# Your task:
Among the lines below, output only those between the line holding "销售公路防撞护栏_诚信厂家优势" and the line holding "迷你履带式滑移装载机厂家多功能四驱小铲车出口CE小型滑移装载机", inclusive, exactly as written and with no pictures.

# Source material:

*** Begin section ***

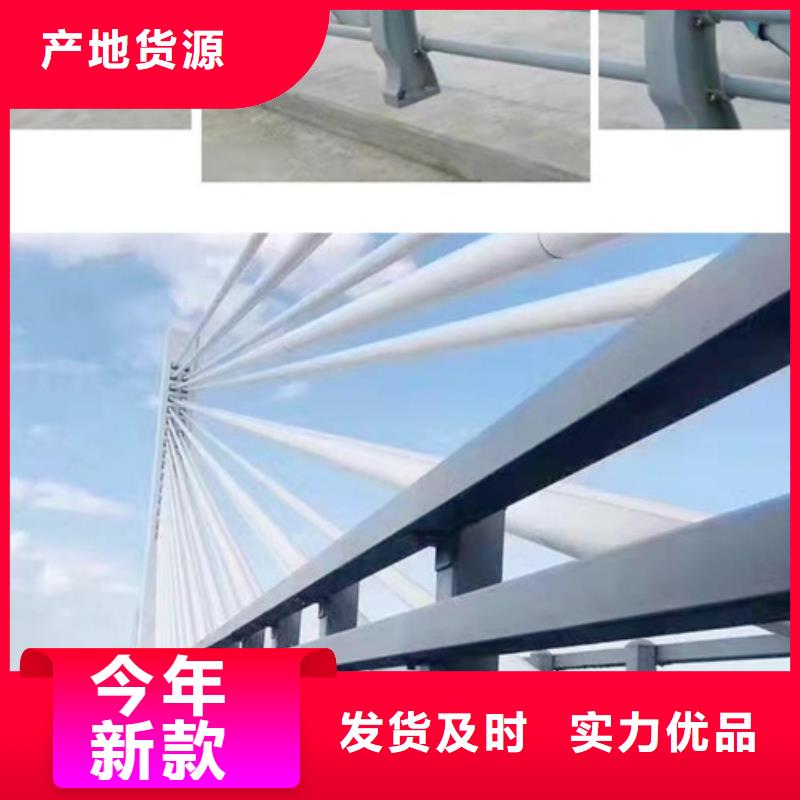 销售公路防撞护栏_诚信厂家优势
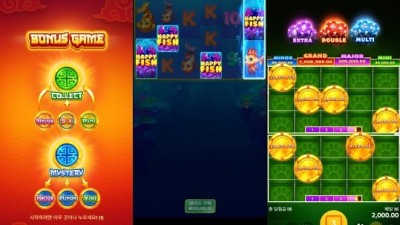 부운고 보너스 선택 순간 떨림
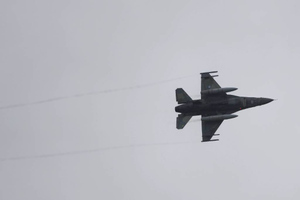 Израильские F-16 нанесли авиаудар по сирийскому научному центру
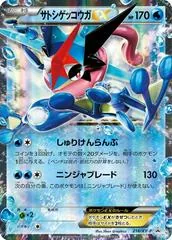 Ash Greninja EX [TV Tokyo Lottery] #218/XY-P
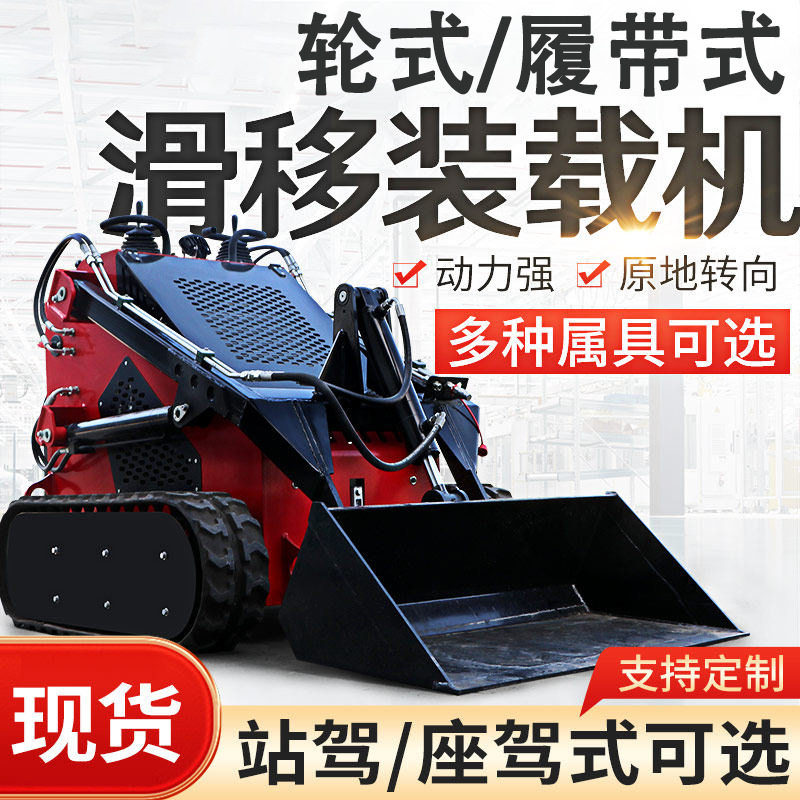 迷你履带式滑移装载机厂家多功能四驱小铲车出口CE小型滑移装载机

*** End section ***
*** Begin section ***

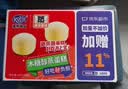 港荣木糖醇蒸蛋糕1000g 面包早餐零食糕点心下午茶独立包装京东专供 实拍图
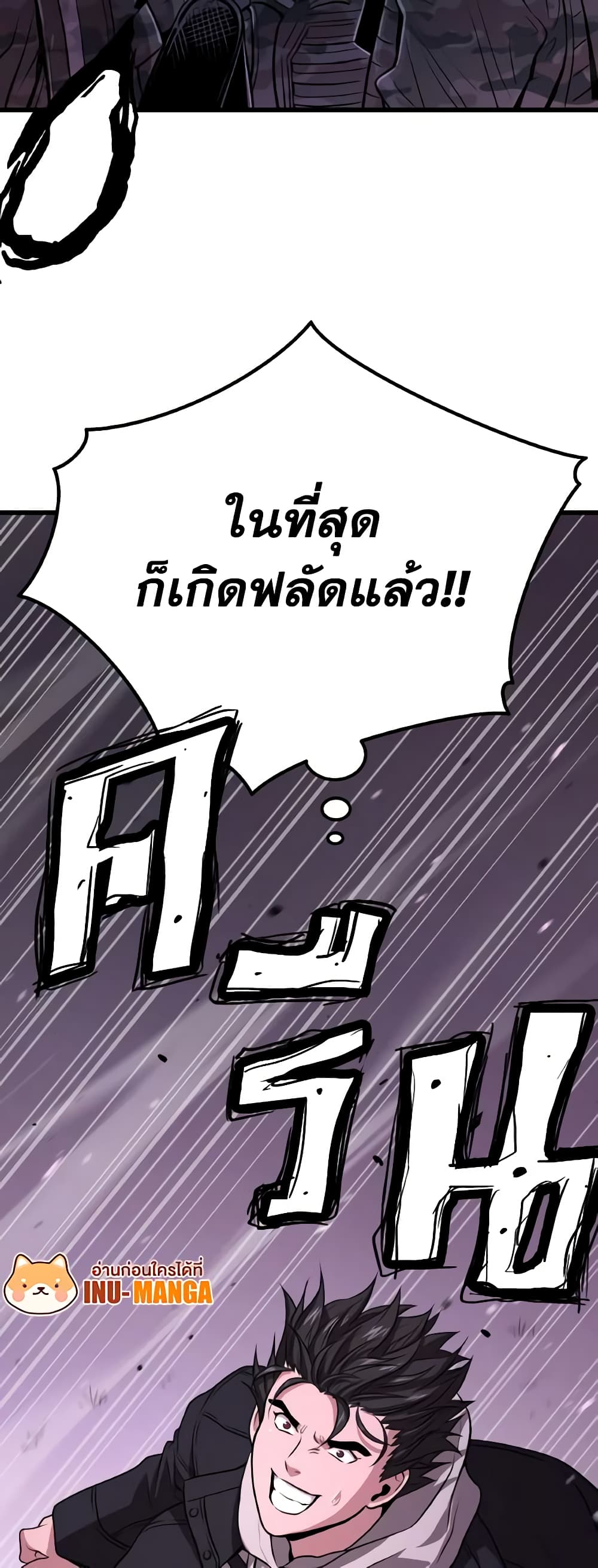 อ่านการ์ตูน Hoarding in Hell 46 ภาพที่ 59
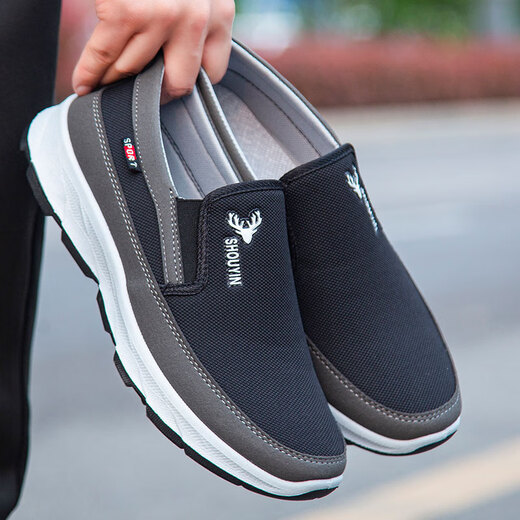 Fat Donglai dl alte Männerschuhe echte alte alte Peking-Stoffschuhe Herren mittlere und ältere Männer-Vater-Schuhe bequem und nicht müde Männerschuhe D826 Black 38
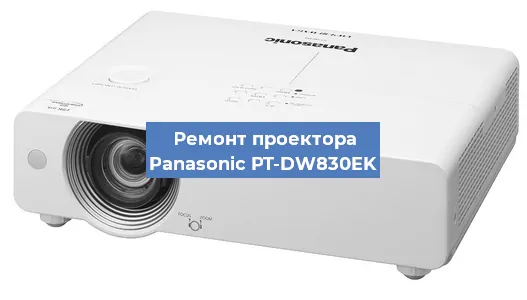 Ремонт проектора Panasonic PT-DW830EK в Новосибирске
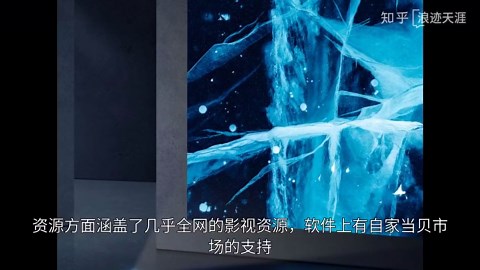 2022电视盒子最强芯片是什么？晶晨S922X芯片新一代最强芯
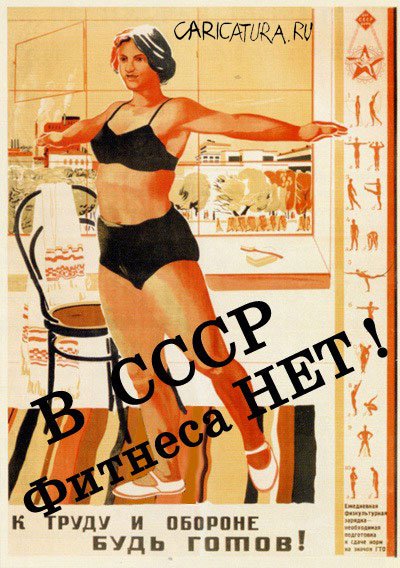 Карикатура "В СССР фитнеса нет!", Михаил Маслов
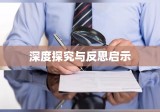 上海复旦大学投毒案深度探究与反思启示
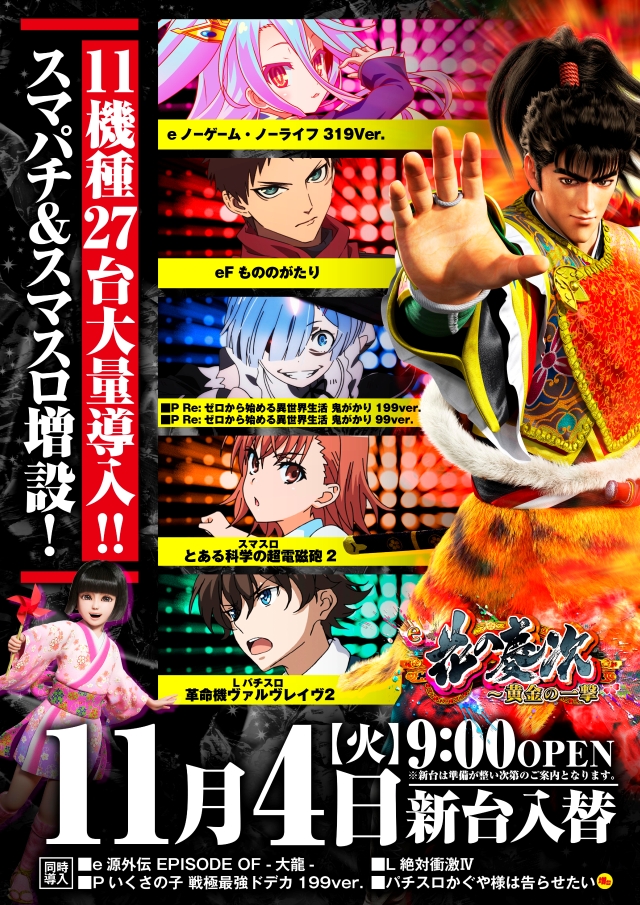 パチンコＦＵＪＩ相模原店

*** End section ***
*** Begin section ***

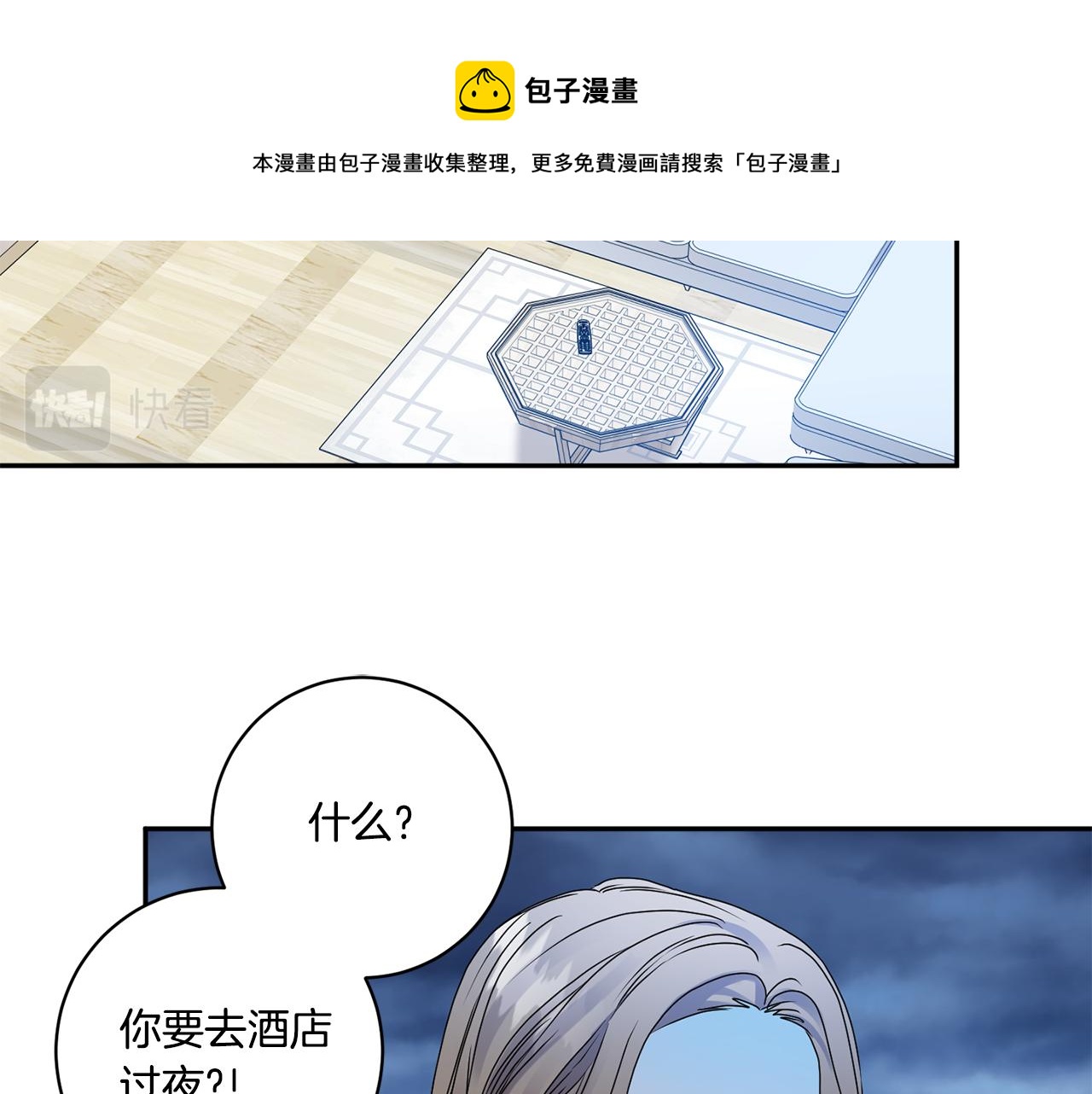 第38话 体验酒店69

*** End section ***

# Response to the task:
 销售公路防撞护栏_诚信厂家优势
 부운고 보너스 선택 순간 떨림
 Израильские F-16 нанесли авиаудар по сирийскому научному центру
 Ash Greninja EX [TV Tokyo Lottery] #218/XY-P
 迷你履带式滑移装载机厂家多功能四驱小铲车出口CE小型滑移装载机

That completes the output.